* EXERCISE:
From the data that follows, print exactly the lines starting at the one containing "Polycom 2457-11077-002" and ending at the one containing "Law Council tweet media"; include both of them and nothing more.

* RECORD EXTRACTS:
↓↓↓

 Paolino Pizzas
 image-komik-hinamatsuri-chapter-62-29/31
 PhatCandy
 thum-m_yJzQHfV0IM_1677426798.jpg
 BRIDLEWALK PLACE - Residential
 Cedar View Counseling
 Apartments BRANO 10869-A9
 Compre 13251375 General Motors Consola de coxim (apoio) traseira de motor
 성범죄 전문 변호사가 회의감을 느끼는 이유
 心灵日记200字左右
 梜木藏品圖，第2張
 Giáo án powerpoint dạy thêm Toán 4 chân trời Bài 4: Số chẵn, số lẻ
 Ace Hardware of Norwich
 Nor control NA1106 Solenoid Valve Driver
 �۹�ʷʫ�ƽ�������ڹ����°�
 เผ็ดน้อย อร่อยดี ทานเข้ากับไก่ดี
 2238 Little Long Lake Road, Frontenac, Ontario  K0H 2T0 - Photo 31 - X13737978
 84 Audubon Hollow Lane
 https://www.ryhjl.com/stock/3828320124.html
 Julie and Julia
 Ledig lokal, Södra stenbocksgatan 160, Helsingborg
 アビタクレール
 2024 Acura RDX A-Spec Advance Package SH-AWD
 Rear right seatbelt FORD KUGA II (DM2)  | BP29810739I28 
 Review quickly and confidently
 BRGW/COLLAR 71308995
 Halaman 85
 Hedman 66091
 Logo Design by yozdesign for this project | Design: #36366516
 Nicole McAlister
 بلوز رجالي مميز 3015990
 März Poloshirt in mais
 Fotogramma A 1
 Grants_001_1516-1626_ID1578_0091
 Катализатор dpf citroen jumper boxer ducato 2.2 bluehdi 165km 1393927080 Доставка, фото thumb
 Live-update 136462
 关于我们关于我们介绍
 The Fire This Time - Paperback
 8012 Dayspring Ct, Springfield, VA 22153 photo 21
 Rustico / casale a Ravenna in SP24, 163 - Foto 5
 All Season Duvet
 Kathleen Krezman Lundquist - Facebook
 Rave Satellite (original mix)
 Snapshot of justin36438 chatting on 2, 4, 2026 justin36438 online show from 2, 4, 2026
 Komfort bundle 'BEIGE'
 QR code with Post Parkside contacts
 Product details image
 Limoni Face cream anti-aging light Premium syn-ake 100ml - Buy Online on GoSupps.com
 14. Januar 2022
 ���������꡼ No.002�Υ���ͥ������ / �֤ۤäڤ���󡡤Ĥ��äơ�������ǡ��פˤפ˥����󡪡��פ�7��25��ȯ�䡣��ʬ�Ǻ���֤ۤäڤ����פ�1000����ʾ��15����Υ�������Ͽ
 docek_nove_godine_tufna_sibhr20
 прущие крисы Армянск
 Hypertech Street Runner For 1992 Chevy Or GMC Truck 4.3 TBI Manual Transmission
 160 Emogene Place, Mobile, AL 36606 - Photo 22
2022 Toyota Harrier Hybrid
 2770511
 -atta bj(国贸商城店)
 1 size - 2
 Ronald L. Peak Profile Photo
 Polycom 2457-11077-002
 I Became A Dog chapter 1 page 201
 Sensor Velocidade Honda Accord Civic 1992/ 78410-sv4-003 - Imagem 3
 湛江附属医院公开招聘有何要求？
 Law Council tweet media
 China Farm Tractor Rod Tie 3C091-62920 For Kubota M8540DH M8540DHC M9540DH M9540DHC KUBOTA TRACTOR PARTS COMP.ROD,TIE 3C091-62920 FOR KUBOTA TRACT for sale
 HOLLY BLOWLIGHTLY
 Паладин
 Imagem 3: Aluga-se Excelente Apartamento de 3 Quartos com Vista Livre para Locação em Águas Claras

↑↑↑

* FINISHED EXERCISE:
 Polycom 2457-11077-002
 I Became A Dog chapter 1 page 201
 Sensor Velocidade Honda Accord Civic 1992/ 78410-sv4-003 - Imagem 3
 湛江附属医院公开招聘有何要求？
 Law Council tweet media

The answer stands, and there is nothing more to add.